На основании многих согласных показаний, что такой-то человек ведомый разбойник и не только теперь, но и «допреж сего крадывал», оговоренного хватали, на имение его накладывали арест. Обвиненный мог обвинить самих обыскных людей только в тех случаях, когда не все обыскные люди согласно говорили о нем, что он вор и разбойник, а были голоса и за его доброе поведение.

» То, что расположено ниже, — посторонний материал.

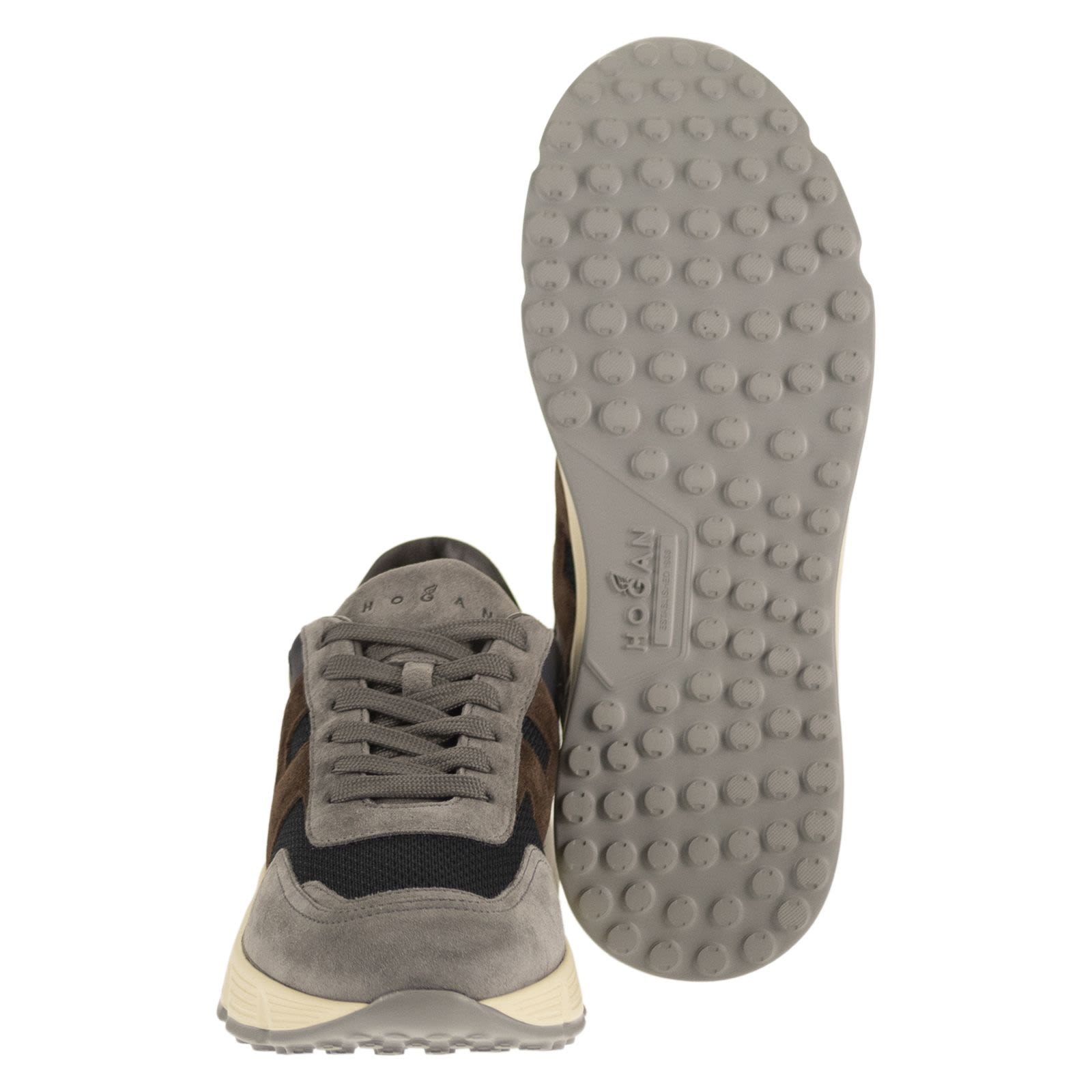[Hogan] Sneakers FW26 HXM5630FR30VFW740G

Тогда приказывалось «сыскати про то всякими сыски». Если обвинительные речи доказчиков оказывались ложными, то, по Уложению, предписывалось «взыскать с виновных пени и десятого человека бити кнутьем». В 1669 году велено было давать веру только тем обвинителям, которые о душегубстве «ведают подлинно, или видели и скажут имянно». Оговорение человека называлось «облихованием» его.

Облихованного человека немедленно брали под стражу, а его имущество описывали.

В назначенный день обвиненного приводили на суд к губному старосте, в губную избу. Если обвиненный запирался, не хотел рассказать подробности преступления, назвать соучастников и т. п., то его подвергали пытке. По свидетельству Г. Котошихина, одним из самых употребительнейших видов пытки был такой: обвиняемому связывали сзади руки в опущенном положении, привязывали к ним веревку, которую перекидывали через блок, укрепленный в потолке, и этой веревкой тянули руки вверх, причем они, по мере поднятия тела, выворачивались из плеча. В этом положении пытаемого били кнутом или палкой, встряхивали, подпаливали медленным огнем и при этом расспрашивали, признает ли он себя виновным, сделал ли вот это и это, были ли тут такие-то и т. п. Редкий мог стерпеть мучительную боль и не ответить на вопросы так, как того желал судья, т. е. зачастую совершенно несогласно с истиной; невинному приходилось в таких случаях наговаривать на себя, виновному говорить не то, что он мог бы сказать.